富山 典彦(成城大学教授・独検実行委員)


都市伝説というのが最近あちこちで聞かれるようになり,それに興味をもっている方もいらっしゃることでしょう。かく言うぼくも,秘密結社であるフリーメーソンや薔薇十字団の本を読み漁ったこともあります。

モーツァルトがフリーメーソンの会員で,その秘密をオペラ『魔笛』Die Zauberflöte で明かしてしまったためにフリーメーソンによって殺害されたということが,まことしやかにささやかれることもあります。それも都市伝説のひとつでしょうか。

さて,そのフリーメーソンをウィーンに持ち込んだのは誰かというと,「女帝」として知られるマリア=テレジアの夫,神聖ローマ皇帝フランツ一世なのです。マリア=テレジアが6歳のときに,ウィーンの宮廷にやってきた15歳の少年フランツ=シュテファンに彼女は一目惚れ。その初恋が実ってこの二人は結ばれることになるのですが,フランツ=シュテファンはそのために故郷であるロートリンゲン(ロレーヌ)公国を捨てることになってしまいました。

マリア=テレジアと再会するためにロートリンゲンからウィーンにやって来る途中,ネーデルラント,イギリス,プロイセンなどを回ってきた彼は,ネーデルラントの都市デン・ハーグでフリーメーソンのロッジ(支部)に迎え入れられたのでした。

この時代のフリーメーソンは多くの有名人が入っていましたから,上流社会の社交界と考えてもいいのかもしれませんが,もちろん秘密結社ですから,決して外に漏らしてはならない秘密もあったことでしょう。

1736年2月12日にようやく結婚に漕ぎ着けた二人でしたが,このときマリア=テレジアは19歳,フランツ=シュテファンは28歳。1740年にマリア=テレジアの父である皇帝カール六世が死んで,ヨーロッパ情勢は大変なことになるのですが,そこは「女帝」と呼ばれるマリア=テレジアの手腕で切り抜けたのでした。ところがその夫はというと,1745年に皇帝フランツ一世になったものの,政治や外交は妻に任せてひたすら学問に生きたのです。

この当時の学問と言えば,世界中から動物や植物や鉱物などを収集すること,天文学や自然科学を研究することで,ウィーンの自然史博物館こそフランツ一世の収集の成果です。天文学とはつまり占星術で,自然科学とはつまり錬金術と言い換えてもいいでしょう。シェーンブルン宮殿には植物園とヨーロッパで一番古い動物園がありますが,これも皇帝フランツ一世の「学問」の成果です。

現在はパンダがいる動物園には1752年にできたパビリオンがありカフェになっていますが,その地下は皇帝が錬金術の実験に使っていた場所です。その証拠に床には五芒星の印が残っているそうです。五芒星は魔除けの印と考えられていました。安倍晴明の陰陽道と共通していますね。

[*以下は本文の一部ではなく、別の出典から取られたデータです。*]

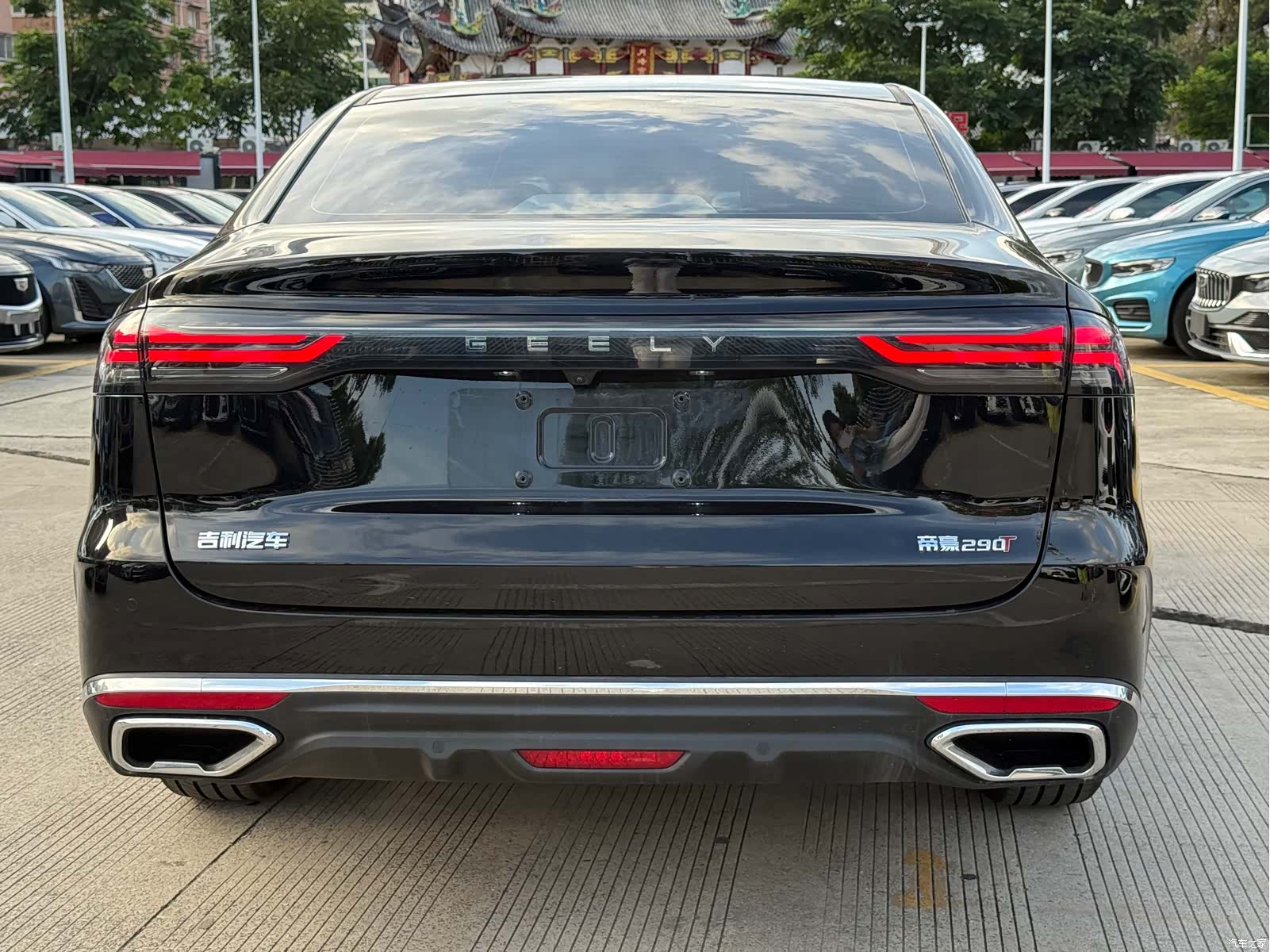 Geely Emgrand, 2026 6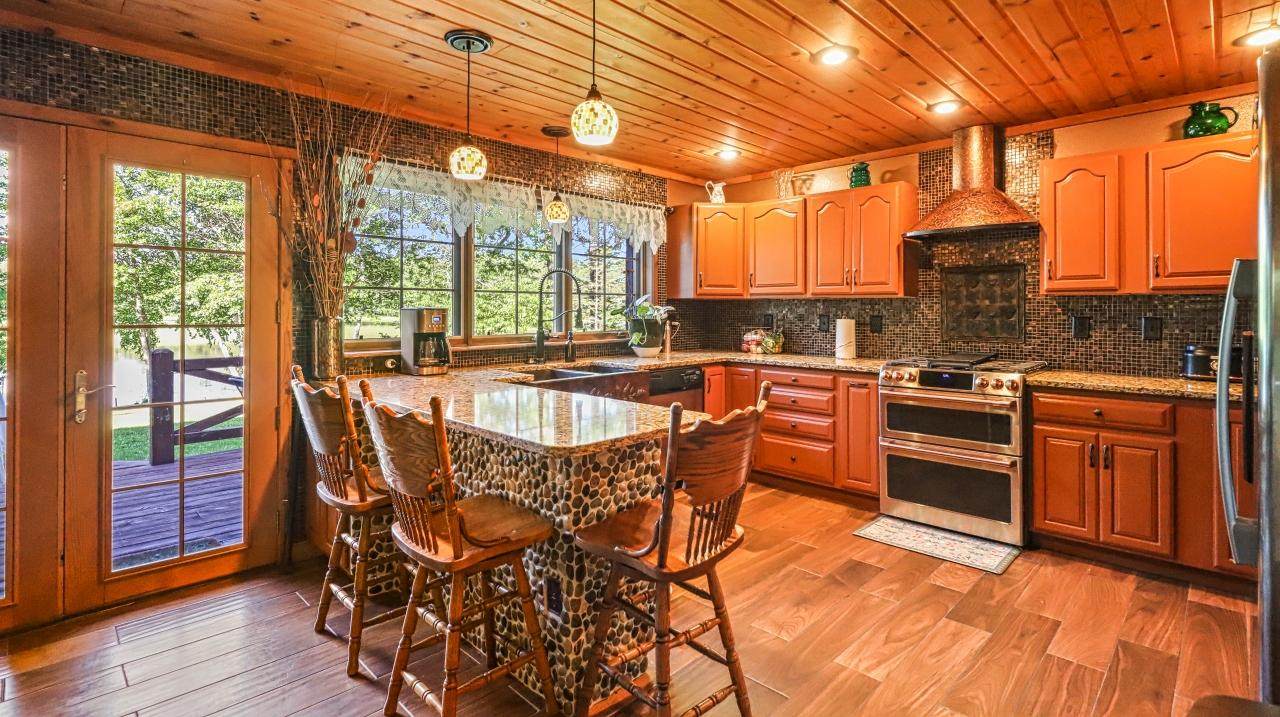 https://bt-photos.global.ssl.fastly.net/northwoods/orig_boomver_1_218513-2.jpg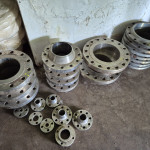 DIVERSOS COMPONENTES EM AÇO INOX: FLANGES, Ts, CURVAS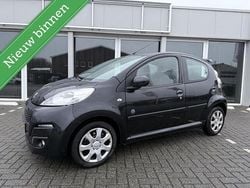 Zwart Gebruikt 2013 Peugeot 107 Sportium Hatchback | € 3.299 (Eerlijke prijs)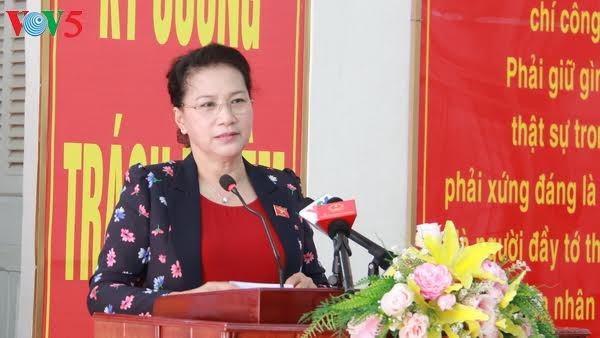 ប្រធានរដ្ឋសភា លោកស្រី Nguyen Thi Kim Ngan អញ្ជើញបំពេញទស្សនកិច្ចការងារនៅទីក្រុង Can Tho - ảnh 1
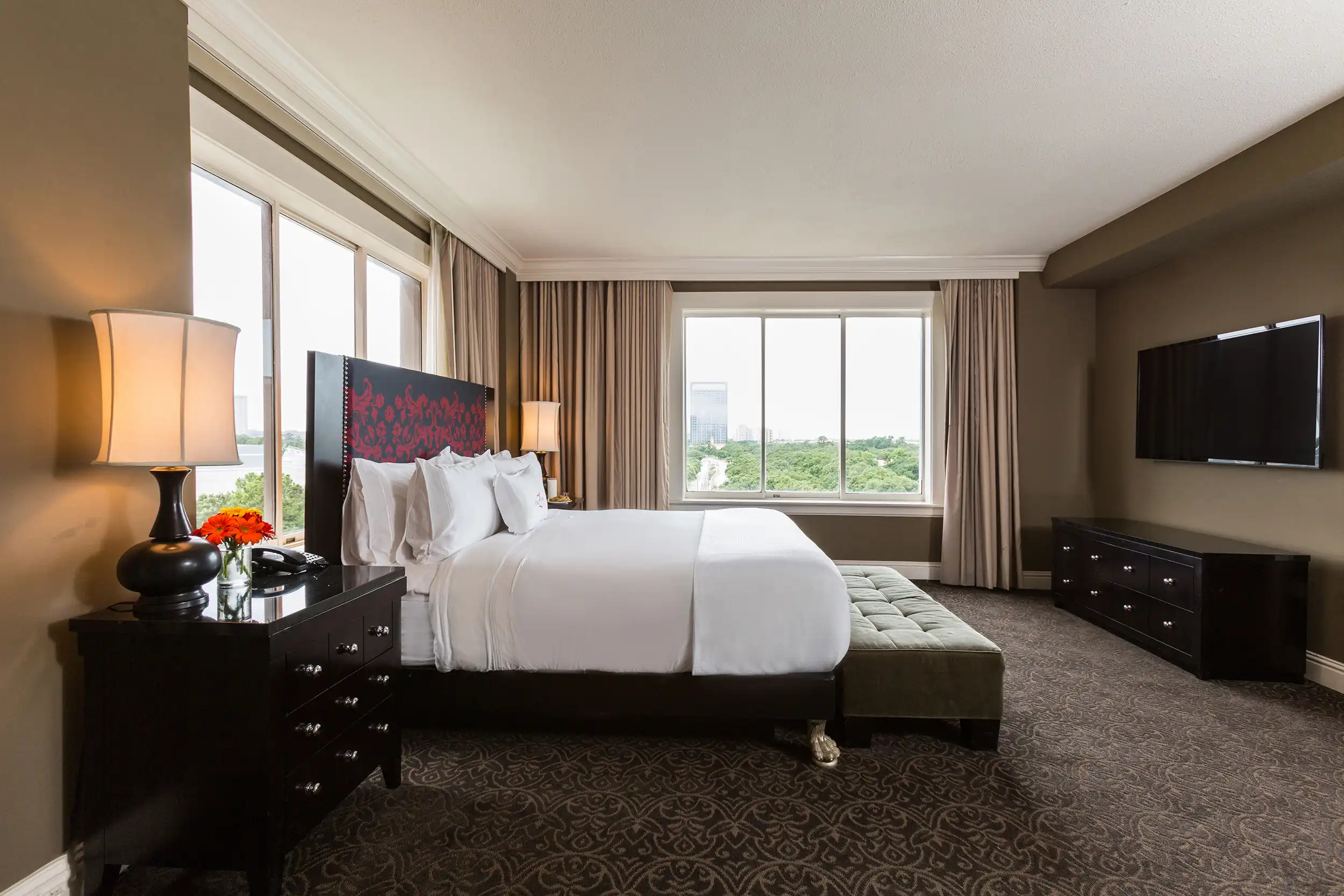 ZaZa-HOU-STANDARD-ROOM-Divino-4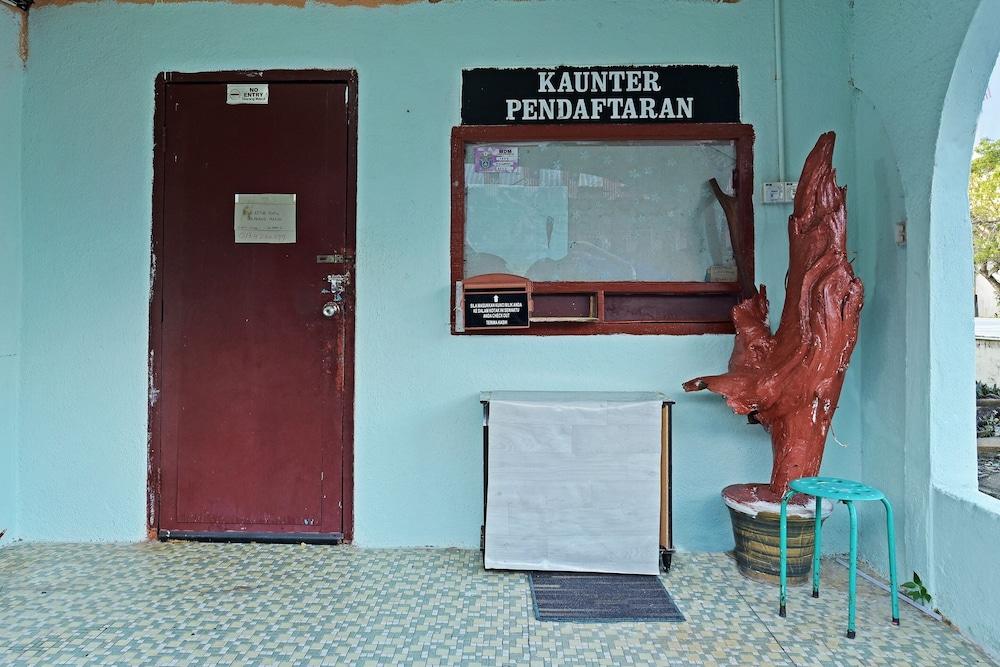 OYO 90689 Chalet Kak Siti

マリア=テレジアの好きだった黄色い壁で有名なシェーンブルン宮殿ですが,その広い庭の一番高い場所にグロリエッテ*があり,少し丘を下ったところに動物園の入口,さらに下ると現在は馬車の博物館になっているヴァーゲンブルク,その並びにオランジェリー,そこから少し丘を登ったところにエジプトの象形文字が書かれたオベリスク,そして丘を上りきるとグロリエッテに戻るという,大きな五芒星によって宮殿全体が設計されているのです。

オーストリア継承戦争を皮切りに戦いの日々が続いたオーストリア。平和を求める妻の願いを,政治的には無能だった夫がこんな形で表したのかもしれませんね。

* プロイセンとの戦争の勝利とその戦没者のためにシェーンブルン宮殿の丘の上に建てられた記念碑で,現在はカフェになっています。ここからウィーンの街を一望することができます。